False mismatch for most of the file #1188

Closed ghost closed 5 years ago

ghost commented 5 years ago

What version of ripgrep are you using?

with cargo install ripgrip:

ripgrep 0.10.0
-SIMD -AVX (compiled)
+SIMD +AVX (runtime)

with github release binary:

ripgrep 0.10.0 (rev 8a7db1a918)
-SIMD -AVX (compiled)

How did you install ripgrep?

  1. with cargo install ripgrep
  2. with github release binary

What operating system are you using ripgrep on?

Windows 10 Enterprise Version: 1709 OS Build: 16299.904

Describe your question, feature request, or bug.

rg exits before matching all there is or, alternatively, thinks those matches failed. I'm running:

rg -N "^[^ ]+ (2018|2019)-" file.log >output.log

The input file size is 7735mb, the output file is 1229mb.

When I'm running:

grep "^[^ ]\+ \(2018\|2019\)-" file.log >output.log

The output file is 5948mb.

When I look into rg's result it just looks like file.log got abandoned somewhere along the way and rg just quit without completing the job. No error messages.

If this is a bug, what are the steps to reproduce the behavior?

See above, reproduces every time.

If this is a bug, what is the actual behavior?

DEBUG|grep_regex::literal|grep-regex\src\literal.rs:110: required literal found: " 201"
DEBUG|globset|globset\src\lib.rs:429: built glob set; 0 literals, 0 basenames, 8 extensions, 0 prefixes, 0 suffixes, 0 required extensions,
0 regexes
DEBUG|grep_searcher::searcher::mmap|grep-searcher\src\searcher\mmap.rs:86: gm.log: failed to open memory map: file length overflows usize

If this is a bug, what is the expected behavior?

To match all the input.

BurntSushi commented 5 years ago

Can you should the output with the --trace flag? It's going to be hard to debug this without the input file. The current size of the file is probably too big, so if you can find a way to shrink the test case such that the problem still occurs, that would be helpful.

My guess is that your log file contains binary data (a NUL byte), which is causing ripgrep to give up. If so, then passing the -a flag to ripgrep should fix it. With that said, I'd probably expect grep to have the same behavior here, so something isn't adding up.
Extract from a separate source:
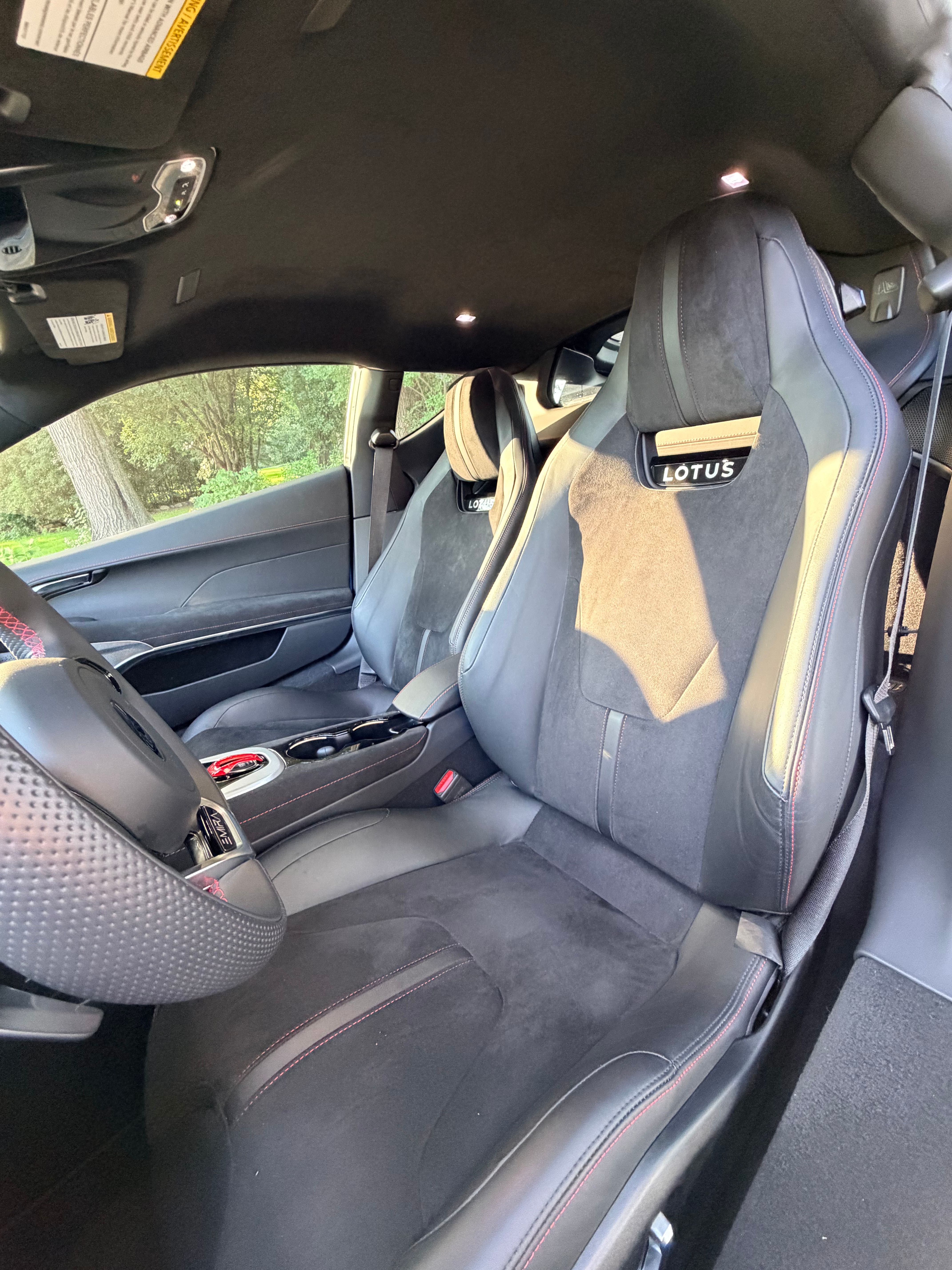 Used 2024 Lotus Emira First Edition RWD image 9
ghost commented 5 years ago

@BurntSushi You are right, completely bizzarely, our Java app produced log messages that contained NUL characters. I'm not even sure how that's technically possible, because all log messages should be java.lang.String which is pure Unicode. -a solves the problem, thanks. But still, GNU grep doesn't seem to care about it and rg didn't give any stderr warning, so it looked fishy.

BurntSushi commented 5 years ago

All righty. I'm going to call this a duplicate of #306 then. See my comment in that issue for a deeper explanation of the issue. Thanks for the report!